Atletas da equipe, pré-equipe e aspirantes começam os treinos juntos, mas depois do aquecimento se dividem em três grupos (Foto: Jô Folha)
O doutor da Escola Superior de Educação Física (Esef/UFPel), Gabriel Moraes, supervisiona a musculação para os atletas da equipe e da pré-equipe, duas vezes por semana. Há, ainda, treino de natação – saber técnicas de sobrevivência na água é requisito para integrar o quadro de remadores de alto rendimento do programa.
“A gente trabalha com referência mundial, e 50% deles [atletas da equipe] alcançou mais de 90% da referência mundial nos testes do remo ergômetro. Dá muita gratidão de trabalhar com eles. A gente proporciona o treino, mas no fim das contas quem sente a dor e quem vai adiante são eles”, completa Davi Rubira.
Além do esporte
Criado em 2015, o Remar para o Futuro é um projeto social que atende jovens matriculados na rede pública municipal. Quem vive o dia a dia garante não se tratar apenas de uma atividade física. “Vim sem saber nada de remo. Me acolheram muito. Não era de ter muitos amigos, mas aqui fiz muitos”, conta Gabriel Bassi, 16 anos, integrante da equipe.
O remador diz que, antes de ingressar no Remar, em 2023, não tinha uma rotina definida de sono e alimentação, por exemplo. Isso mudou, assim como no caso do colega Marco Antonio Lisakovski, 17, remador desde o fim do ano passado. “Apesar do pouco tempo, foi uma evolução bem grande. Não tinha hora para dormir, comia qualquer besteira. Aqui tu controla mais, justamente para ter uma performance melhor”, afirma.

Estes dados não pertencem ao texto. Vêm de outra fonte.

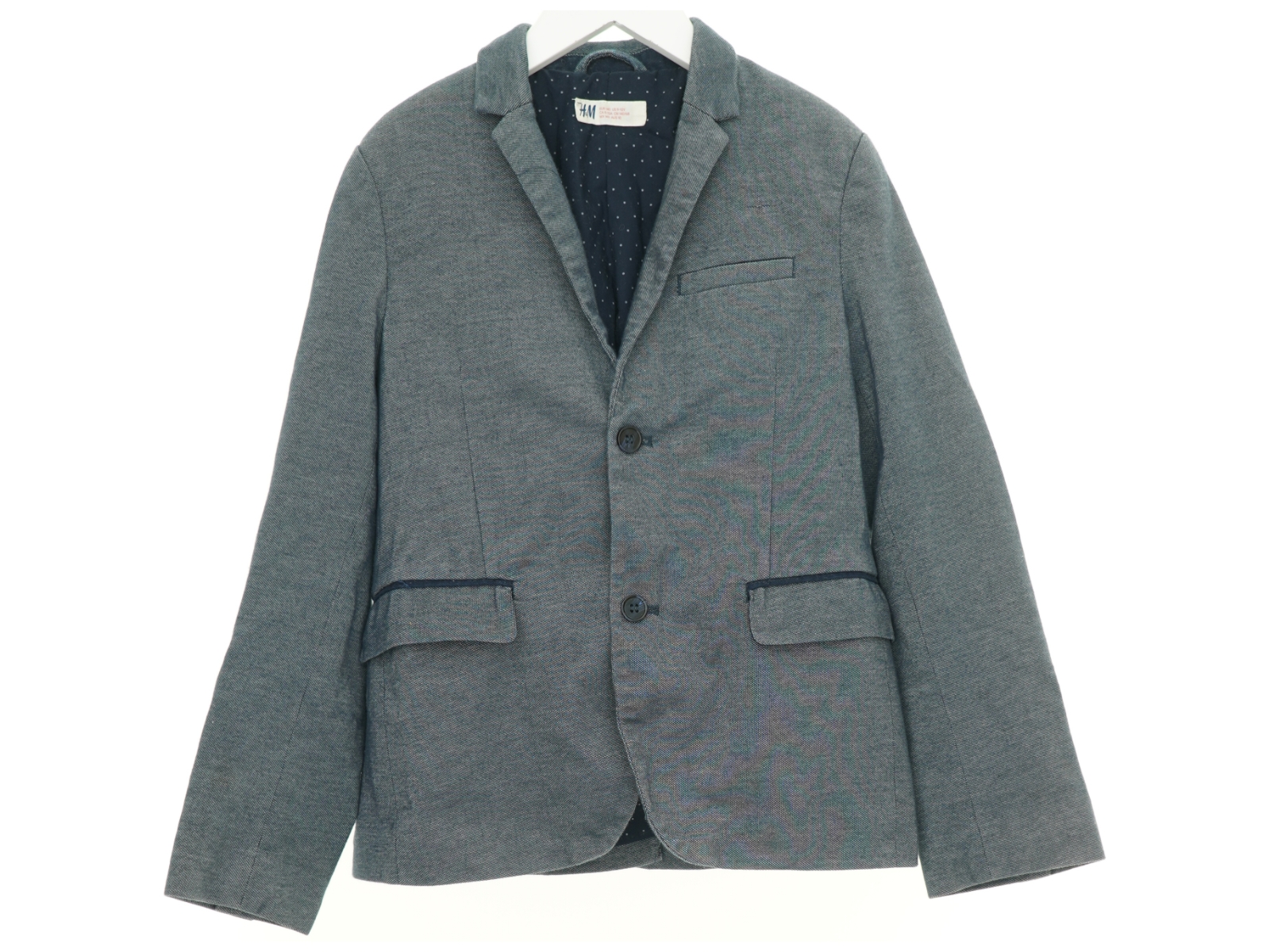 Blazer fra H&M (str. 140 cm)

Gabriel e Marco Antonio integram a equipe (Foto: Jô Folha)
Associação Remar para o Futuro
Nesta sexta-feira (4) foi enviada autorização de cartório para o pedido de abertura, na Receita Federal, do CNPJ da Associação Remar para o Futuro. O principal objetivo da associação é ganhar autonomia para captação e gerenciamento de recursos para o Remar sem depender da articulação com a UFPel.
Nos dois primeiros anos de existência da associação, porém, não é permitida a captação de verba devido ao tempo recente de vigência do CNPJ. Durante esse período, a universidade segue como instituição maior para receber valores e destiná-los ao Remar para o Futuro.
Nove vidas perdidas
O acidente na BR-376, em Guaratuba (PR), em 20 de outubro do ano passado, vitimou sete atletas (Samuel Benites Lopes, 15; Henry Fontoura Guimarães, 17; João Pedro Kerchiner, 17; Helen Belony Centeno, 20; Nicole Colella da Cruz, 15; Angel Souto Vidal, 16; e Vitor Fernandes Camargo, 17), além do fundador, coordenador e técnico do Remar para o Futuro, Oguener Tissot, 43, e do motorista da van que os trazia de volta de São Paulo, Ricardo Leal da Cunha, 52.